At heart the new opera by George Benjamin to a text by Martin Crimp, directed by the playwright’s regular collaborator Katie Mitchell, is a straightforward love triangle. The creative team’s twist is to present a web of heats and passions through a prism of ice-cool detachment that out-alienates even Bertolt Brecht. In its glacial beauty, Written on Skin grabs the senses but not the soul.

Crimp’s Occitan-inspired narrative tells of a ruthless Protector (Christopher Purves, magnificent) who commissions an artist (‘the Boy’) to set down his family history in the form of an illuminated book. When the latter attracts the attention of the Protector’s young wife, jealousy and horror ensue.

It was a canny move to assign the seducer’s role to a counter-tenor. George Benjamin wrote the part of the Boy for Bejun Mehta and plays on the androgynous possibilities of his voice to create a figure whose plausible appeal affects both partners in the marriage. The couple’s incompatibility, too, is clearly delineated in the music: the Protector’s clean vocal lines convey the certainties of his character while his wife, Agnès, luxuriates in a lyricism that is sensual and sinewy. When the husband rejects her blandishments it is because he can only find arousal in anger.

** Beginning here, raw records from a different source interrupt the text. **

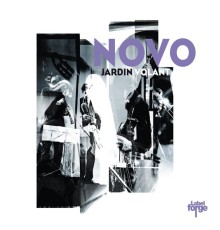 Novo - Jardin volant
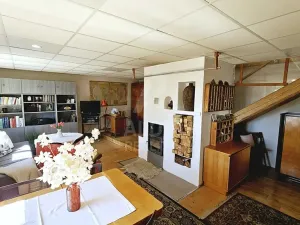 Prodej rodinného domu, Mnichovice, Zámecká, 110 m2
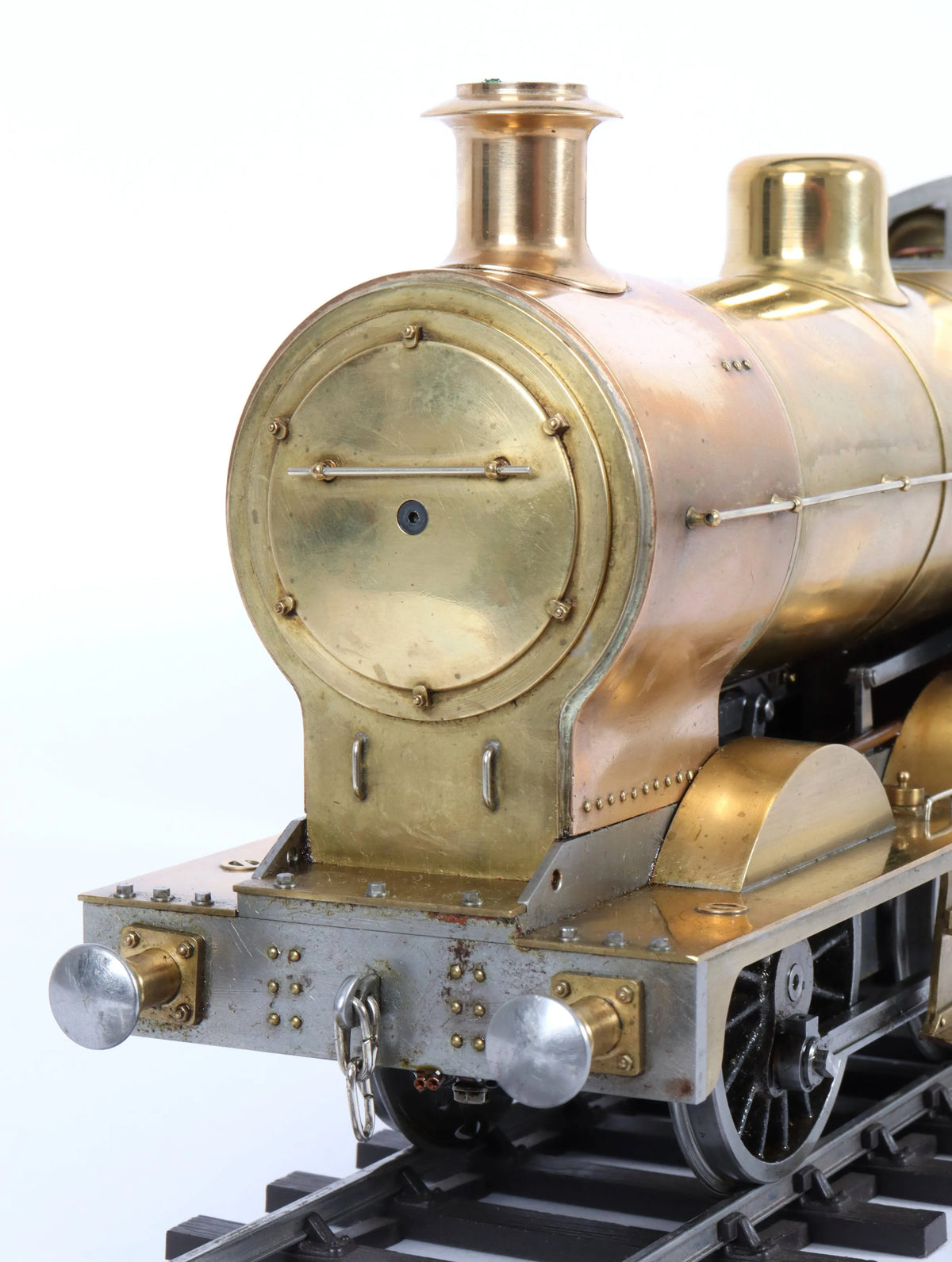 45mm gauge LMS 4F 0-6-0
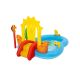 32. Bestway 53118 dmuchany Plac Zabaw 264x188 x140cm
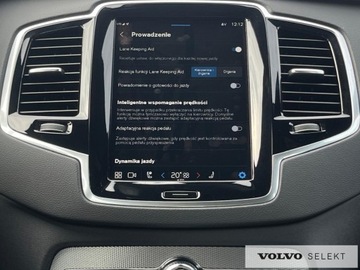 Volvo XC90 II 2024 Volvo XC 90 FV23% SalonPL T8 Plug-In Hybrig Plus D, zdjęcie 18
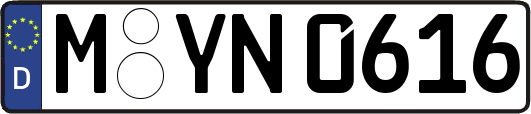 M-YN0616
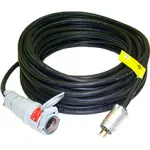 Hazardous Location/Explosion Proof Extension Cords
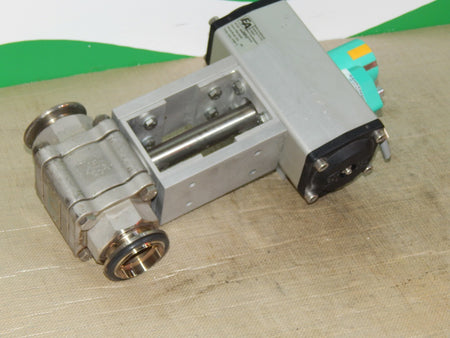 EA END Armaturen ED630552  PA/19767  used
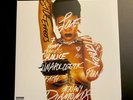 Rihanna – Unapologetic 2 X 180g Heavyweight EU 2017 LP Vinyl 12” Back To Black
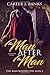 The Man After The Man by Carter J. Banks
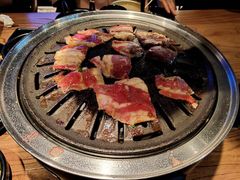 -九田家黑牛烤肉料理(无锡T12店)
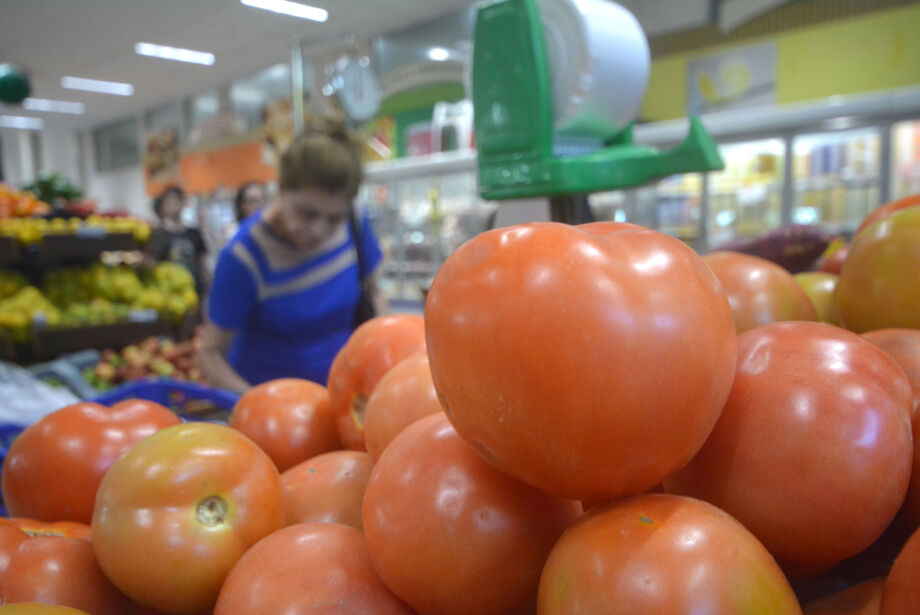 Campo Grande é a 3ª cidade com maior inflação do país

Barbara Hannigan imbues the role of Agnès with vocal effects of the utmost beauty, even when they transcend the orthodox. The moment when she realises that her lover’s heart has been fed to her smacks less of Titus Andronicus that Oshima’s Empire of the Senses, so committed is her erotic attachment to the dead Boy’s spirit. Minor roles are equally well sung by Victoria Simmonds and the exceptional Allan Clayton, while a quartet of silent actors stalk the stage like seraphic stagehands.

This story of sex and ultra-violence would be lurid were it not framed by so many distancing devices. Crimp and Benjamin’s first decision is to set the opera as a visitation on the past by three ‘angels’ from the ironic paradise of the present day; their second, rather clumsier in execution, is the use of third-person narration so that every exchange is made oblique. (“A book costs money, says the Boy,” says the Boy.) The third intervention is Katie Mitchell’s recourse to some familiar directorial tics – Zen-like movement, extreme slo-mo, flattened cinemascope staging, here with split screen effects in Vicki Mortimer’s brilliant designs – to create images of transfixing beauty but little emotional connection.

There is no disjunct between the restrained poetry of music, text and production until the crucial moment when Mitchell stages a realistic killing – an act of murder that Benjamin underpins with rough, raw chordal music. Alas, what should be savage is not even startling because the hypnotic mood of the preceding ninety minutes has numbed the spectator’s access to volatile human responses. While Benjamin’s score haunts the senses (its timeless world adds a glass harmonica and a bass viol to the modern orchestra), much of it is shaped as pure music, not as drama, and it lacks the emotional through-line that allows narrative momentum to grow.

Crimp’s text is economical, dense and elegant, only lapsing into the commonplace when he has a modern parallel to push – as when the non-PC Protector declares of his wife that “her still and obedient body is my property”. The Boy’s heart, says Agnès, tastes “salt, strange and sweet”, which is a pretty fair summary of the opera itself, for Written on Skin provided a mesmeric evening of operatic theatre that left me hungry to experience it again. If, ultimately, it’s a slightly frustrating work, for all its faults it is on the side of the angels.